Data to examine Block Start
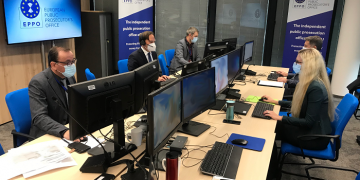 Patru arestări și confiscări de 23 de milioane de euro după perchezițiile făcute în Bihor, Cehia și Slovacia de procurorii Parchetului European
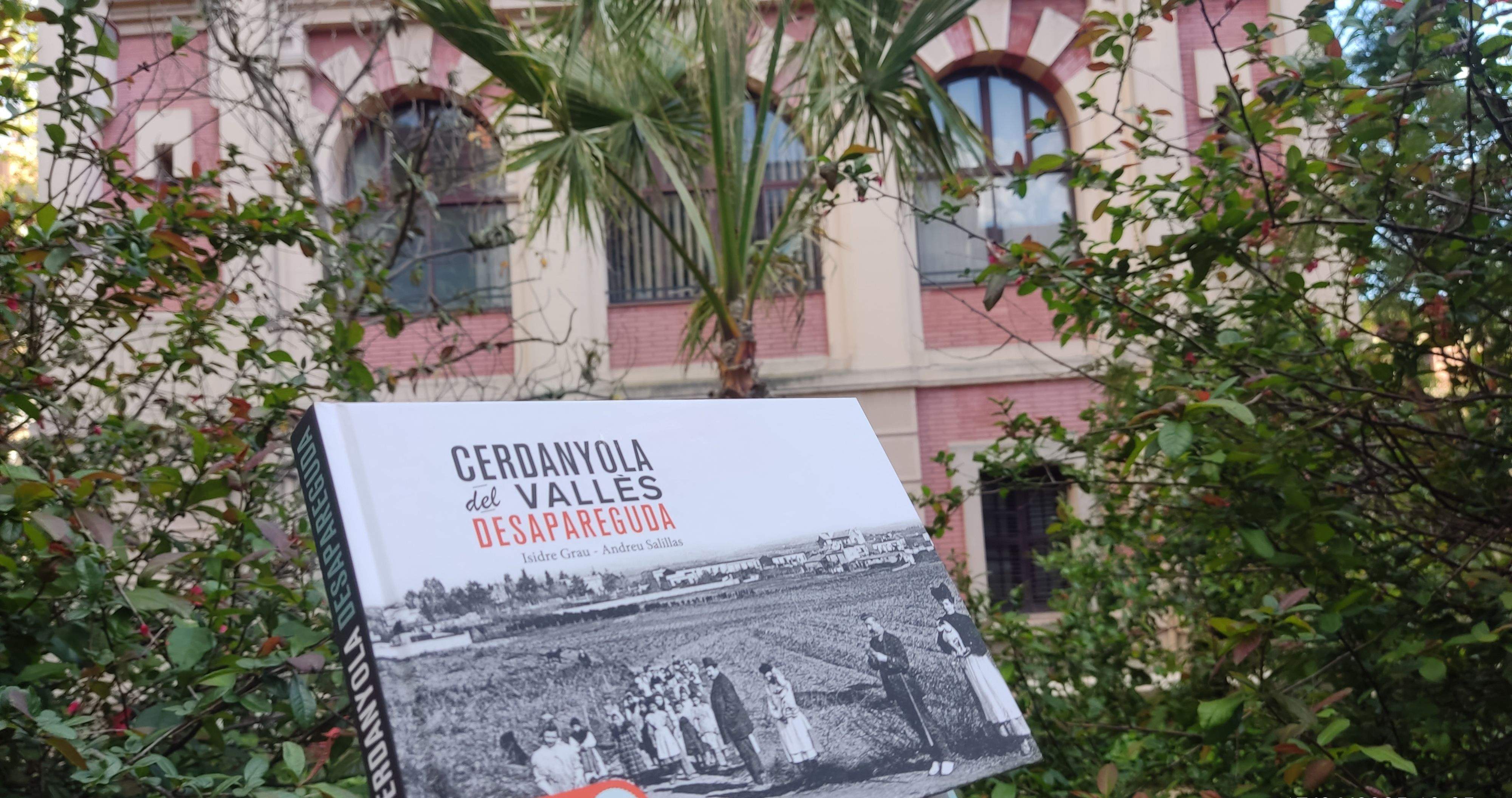 Façana de Can Llopis i llibre 'Cerdanyola Desapareguda'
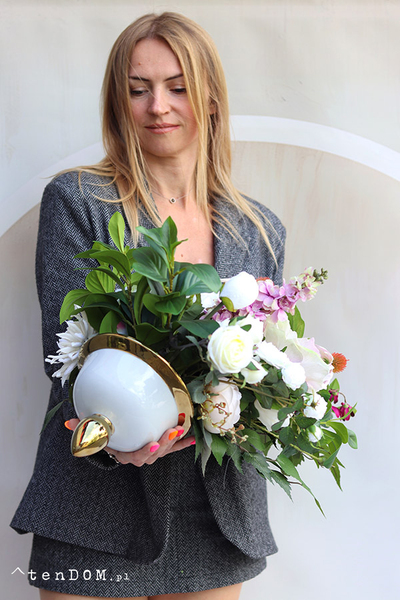 Tęsknota, kompozycja nagrobna w naczyniu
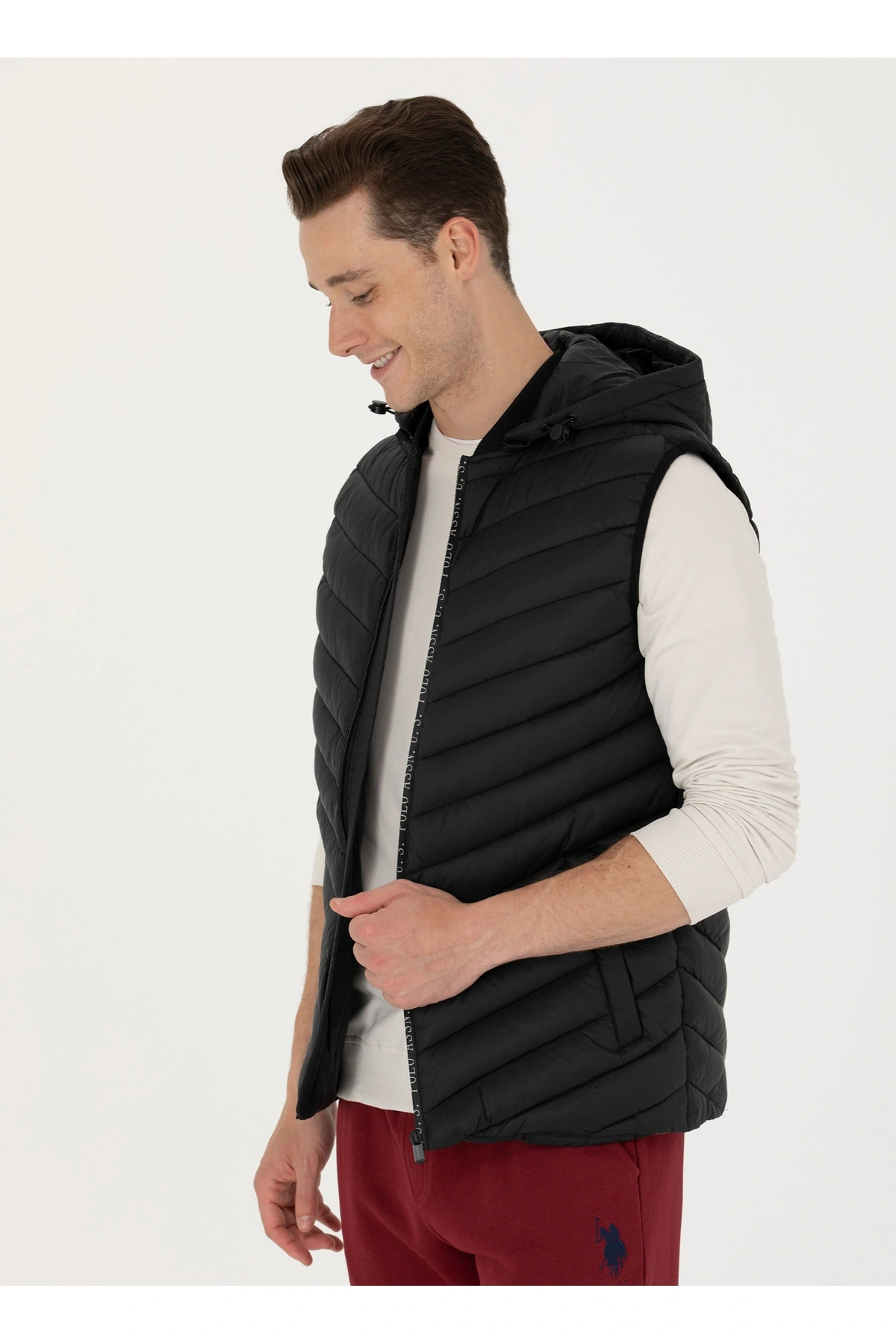 U.S. Polo Assn. Siyah Erkek Yelek JACO23K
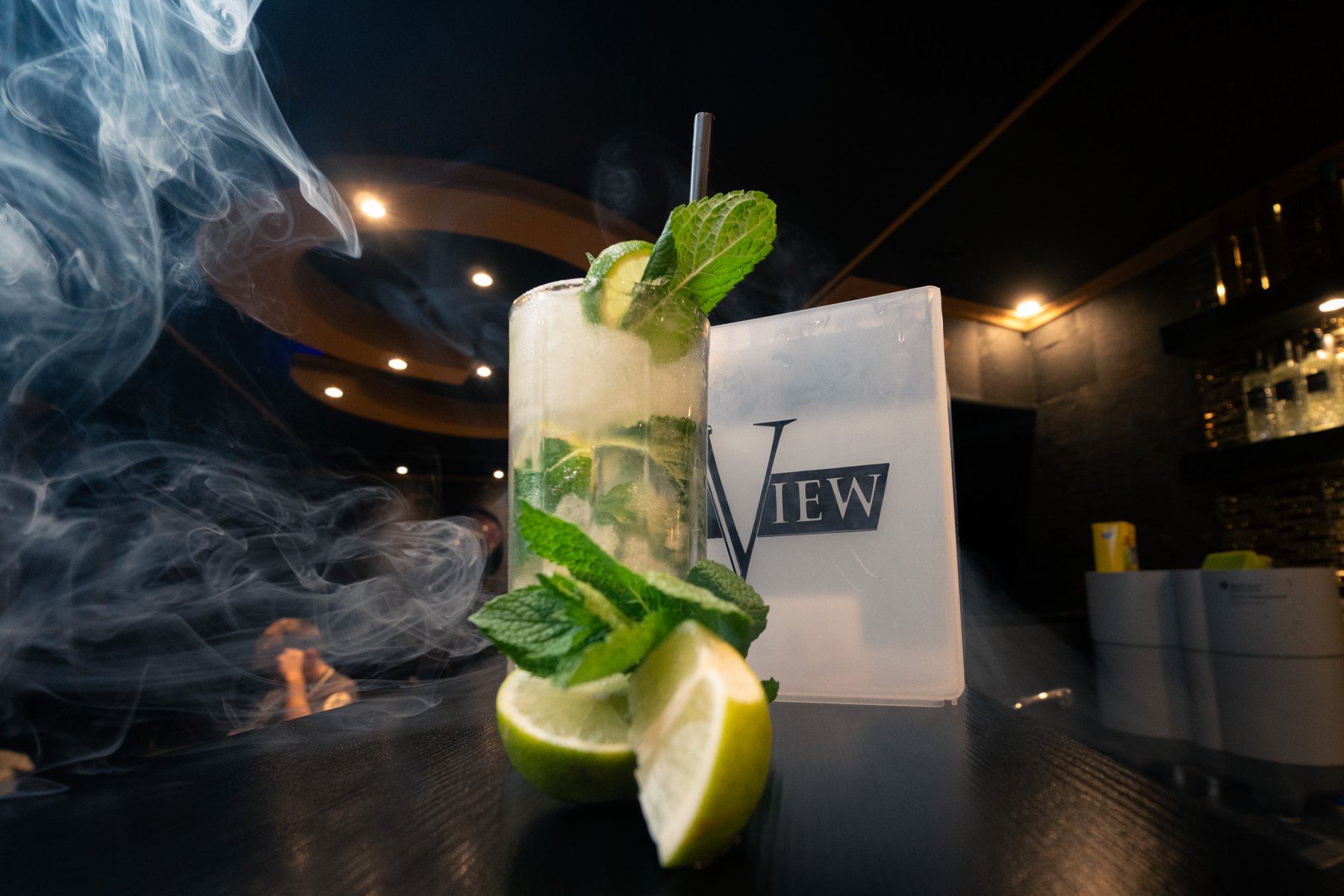 Mojito an der Bar von THE VIEW in Kiel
Data to examine Block End
Pictures aside, reproduce exactly the lines from the one containing "Façana de Can" to the end of the listing above, both ends included.

 Façana de Can Llopis i llibre 'Cerdanyola Desapareguda'
 Tęsknota, kompozycja nagrobna w naczyniu
 U.S. Polo Assn. Siyah Erkek Yelek JACO23K
 Mojito an der Bar von THE VIEW in Kiel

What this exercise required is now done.